▶ Image-text web data
╔══
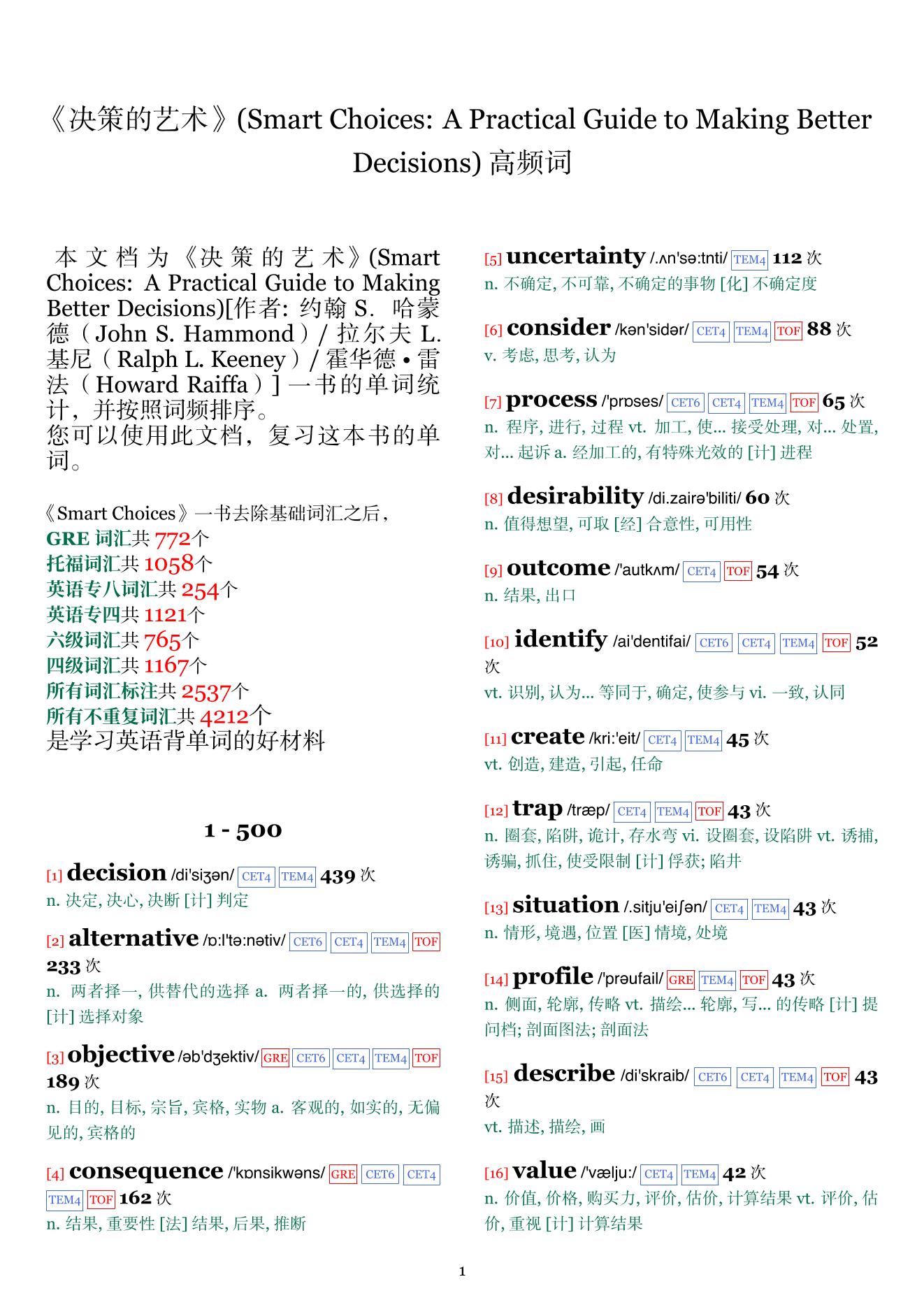 Smart Choices: A Practical Guide to Making Better Decisions词频统计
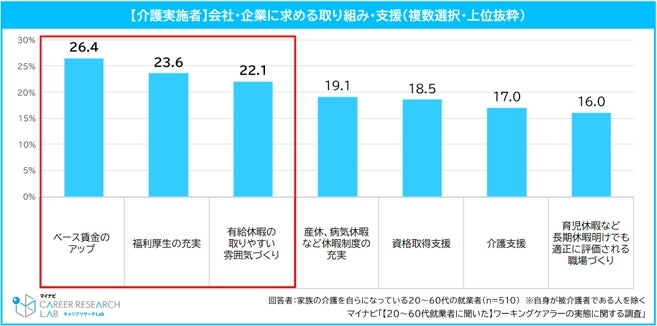 求めることは「経済的支援」「環境整備」　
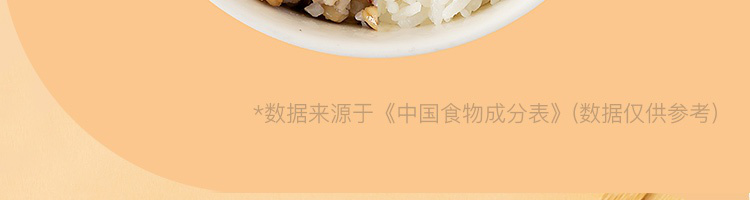 黑椒牛肉味魔芋米粗粮饭270g
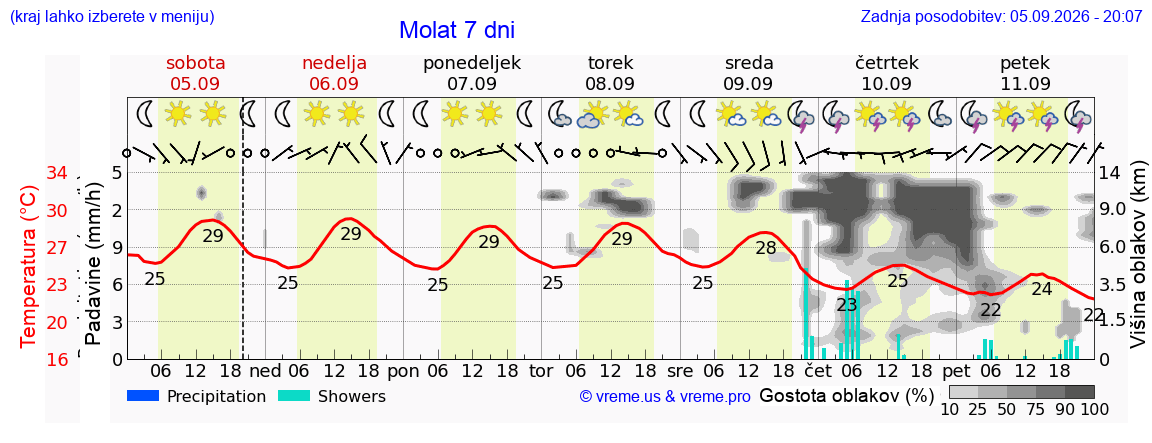 Wetter 7 Tage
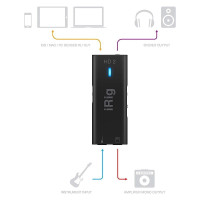 IK Multimedia iRig-HD2 Аудиоинтерфейс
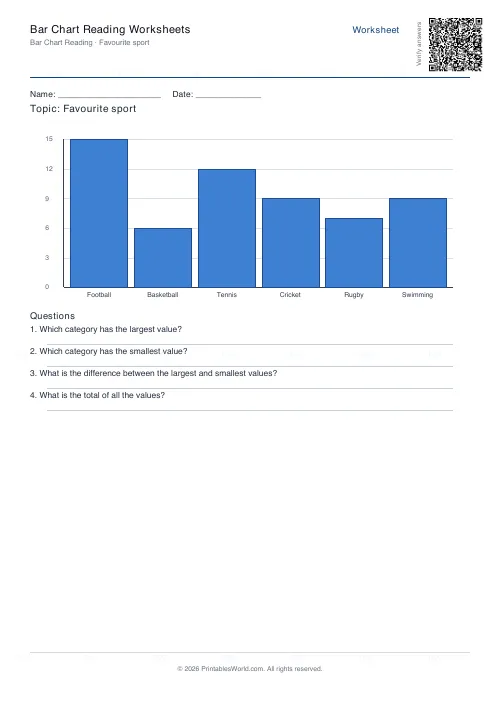 Free printable bar chart reading worksheet (6 bars), PDF download
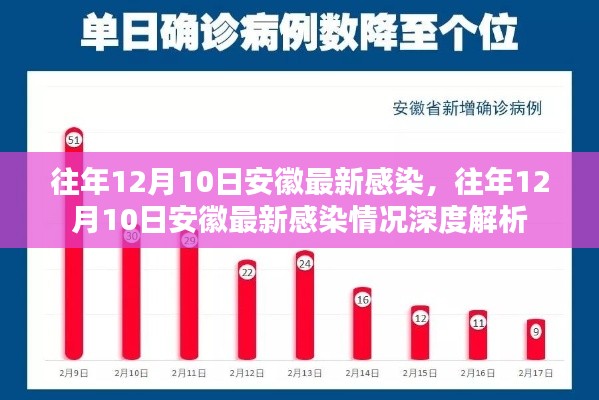 往年12月10日安徽最新感染深度解析报告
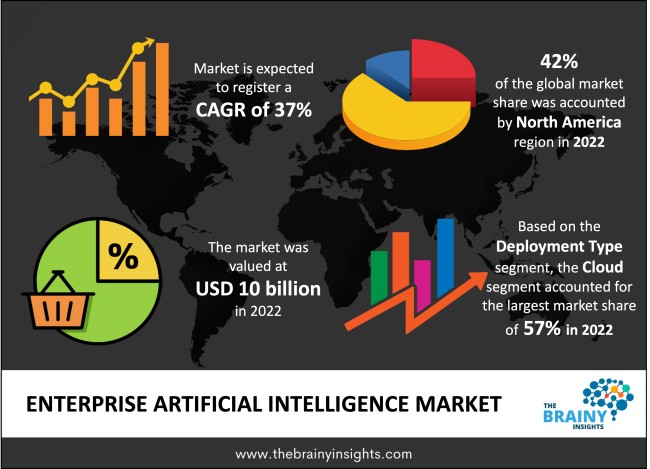 Enterprise Artificial Intelligence Market Size
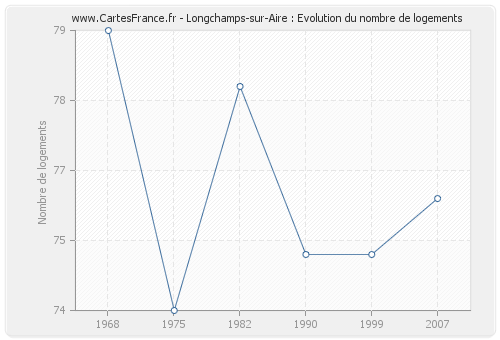 Longchamps-sur-Aire : Evolution du nombre de logements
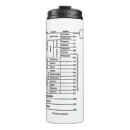 Suche nach geologie tassen Jede person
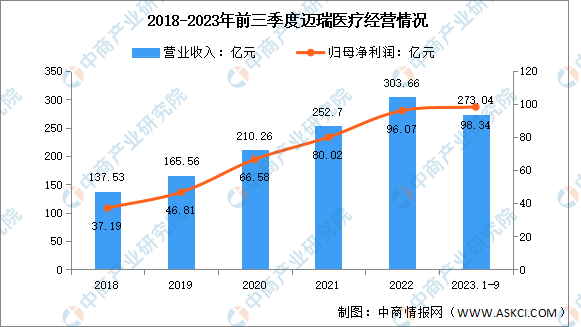 2024年中国医疗器械行业市场前景预测研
╚══
▶ Exercise description
Only the lines from the one containing "往年12月10日安徽最新感染深度解析报告" through the final line of the records should be retyped, exactly, with every picture omitted.

▶ Answer space
 往年12月10日安徽最新感染深度解析报告
 Enterprise Artificial Intelligence Market Size
 Longchamps-sur-Aire : Evolution du nombre de logements
 Suche nach geologie tassen Jede person
 2024年中国医疗器械行业市场前景预测研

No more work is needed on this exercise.